Anti emperyalizm mi bağımsızlık mı?
İran’da yaşanan büyük halk ayaklanmasının ardından bazı sosyalistlerin olayların arkasında ABD’nin olduğunu söyleyerek mesafeli davranması, sosyalist harekette Rusya’nın Ukrayna saldırısından sonra iyice belirginleşen ideolojik kırılmanın çarpıcı bir örneği.
Bu ayrışma Türkiye’ye has bir durum da değil; sol içerisinde küresel çapta yeni bir saflaşma söz konusu ve burada yaşanan tartışmalar bunun yansıması.

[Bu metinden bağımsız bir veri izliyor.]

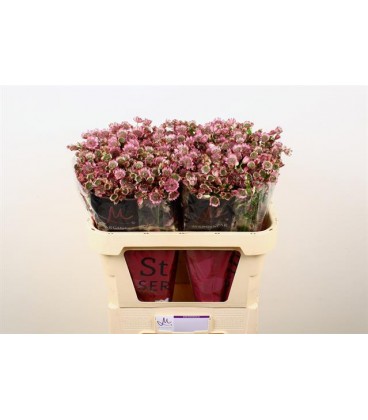 Astransia Star of Promise 70 cm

Türk Solu olarak meseleyi çok daha öncesinden “anti emperyalizm mi bağımsızlık mı?” sorusunu sormuş, başyazarımız Gökçe Fırat “anti emperyalizmle aldatmak” şeklinde yeni bir kavramla özgün bir bakış geliştirmişti. Bu yeni bakış açısına göre “anti emperyalist” söylemler otoriter yönetimlerin kendi baskıcı rejimlerini örtmek için kullandığı bir argüman olarak kullanılıyor; Batı emperyalizminin varlığı baskıcı yönetimleri meşrulaştıracak bir gerekçe olarak halka sunuluyordu.
Yaşadığımız her yeni olay klasik sol teorilerin açıklayamadığı, bu kaynaklardan beslenen sosyalist hareketlerin arafta kaldığı ve günün sonunda sosyalistlerin gerici komplo teorileriyle aynı safta yer aldığı canlı örnekler yaşatıyor.
Ukrayna’da Rusçu olanlar, İran’da mollaları savunuyor
İran olayları da bu saflaşmayı gösteren canlı bir örnek. Türkiye’de “eylemsizlikten” şikayet eden nice radikal sol hareketin İran’daki olaylara sessiz kaldığını gördük. Elbette bu “sessizlik”, ses çıkarmak kadar politik bir tavırdı ve bunun temelinde de Batı emperyalizminin karşısında alternatif olarak sunulan Avrasyacı bloğun geleceğine yönelik bir güvenlik kaygısı yatıyordu.
En uç noktasında Çin Devleti’yle açık bir ilişki kurmuş Aydınlık hareketinin bulunduğu, TKP gibi partilerin de yer aldığı, Birgün Gazetesi’nde birçok yazarın içinde olduğu, farklı siyasi örgütlerden teorisyenlerin de katılımıyla genişleyen bir ittifak söz konusu. Bu ittifakın söylemlerinin Ethem Sancak gibi AKP’lilerle, Bahçeli gibi milliyetçilerle ve Banu Avar gibi Türkçülerle tamamen örtüşmesi elbette bir tesadüf değil. Esasında bu ittifakın en büyük gücü bizzat AKP.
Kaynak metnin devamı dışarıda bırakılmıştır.